He understood then which parental spirit had conquered the spirit of the child, and he smiled—sadly or gladly? He hardly knew. So strangely does death play with us all. Catherine went upstairs into her mother's room, which was dim and very hot. She shut the door, sent away the nurse, and went up to the bedside.

"Mother," she said, "William Foster is coming. Do you feel that you can see him?"

Mrs. Ardagh was perfectly conscious, although so near death.

"Yes," she said. "God means me to give him a message—God means me."

She lay silent; Catherine sat by her. Presently she spoke again.

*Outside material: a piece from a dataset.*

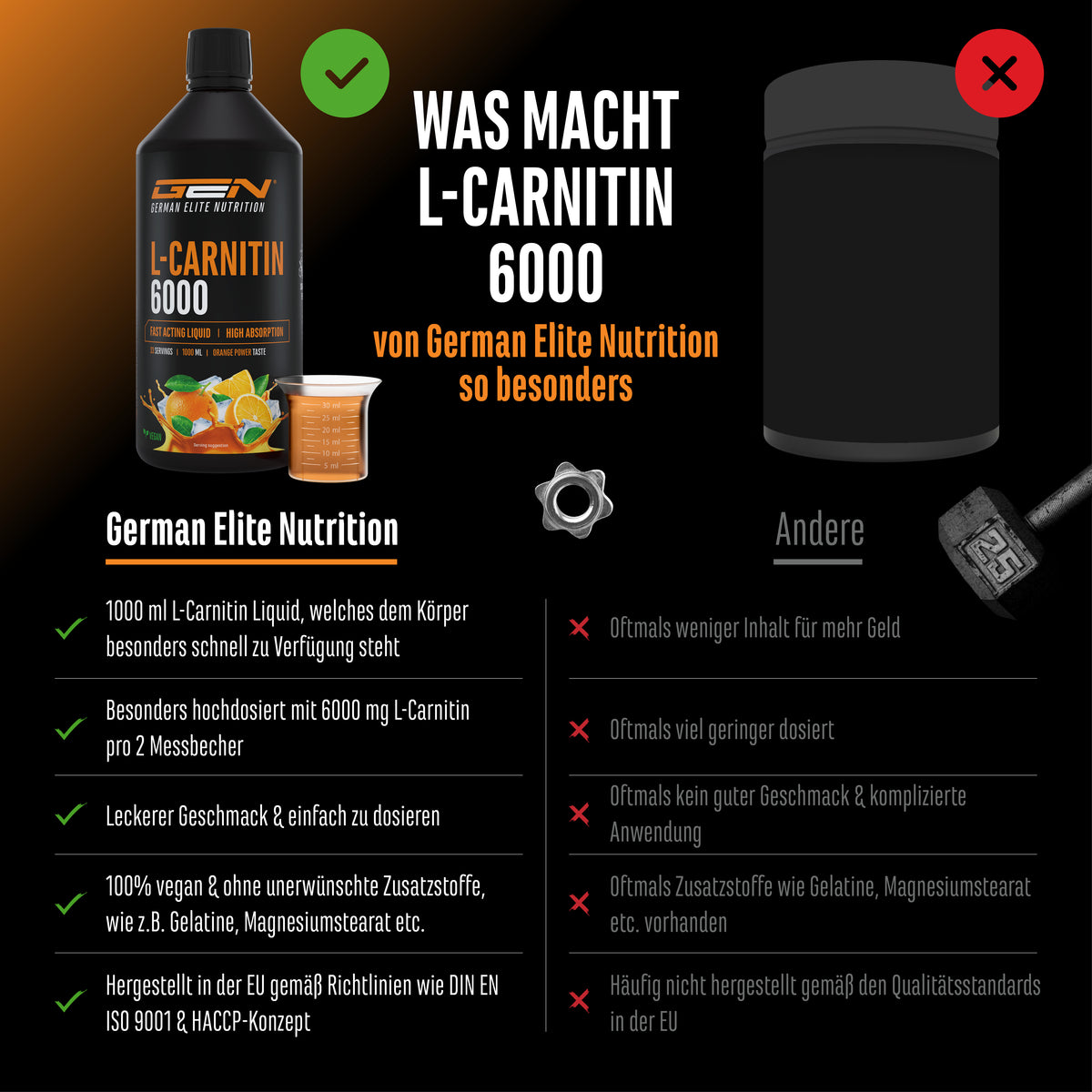 L-Carnitina Liquido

"I shall convince him," she said quietly. "That is meant. If I did not God would strike him down. He would be cut off. But I shall make him know himself."

And then she repeated, with a sort of feeble but intense conviction,

"If I did not God would strike him down—yes—yes."

Something—perhaps the fact that her mother was so near death, so close to that great secret,—made her words, faltering though they were, go home to Catherine with the most extraordinary poignancy, as words had never gone before. She felt that it was true, that there was no alternative. Either Mark must be convinced now, by this bedside, in this hot, dark room from which a soul was passing, or he would, by some accident, by some sudden means, be swept away from the world that he was injuring, that he was poisoning.

Mrs. Ardagh seemed to grow more feeble with every moment that passed. And suddenly a great fear overtook Catherine, the dread that Mark would come too late, and then—God's other means! She trembled, and strained her ears to catch the sound of wheels. Mrs. Ardagh now seemed to be sinking into sleep—Catherine strove to rouse her. She stirred and said, "What is it?" in a voice that sounded peevish.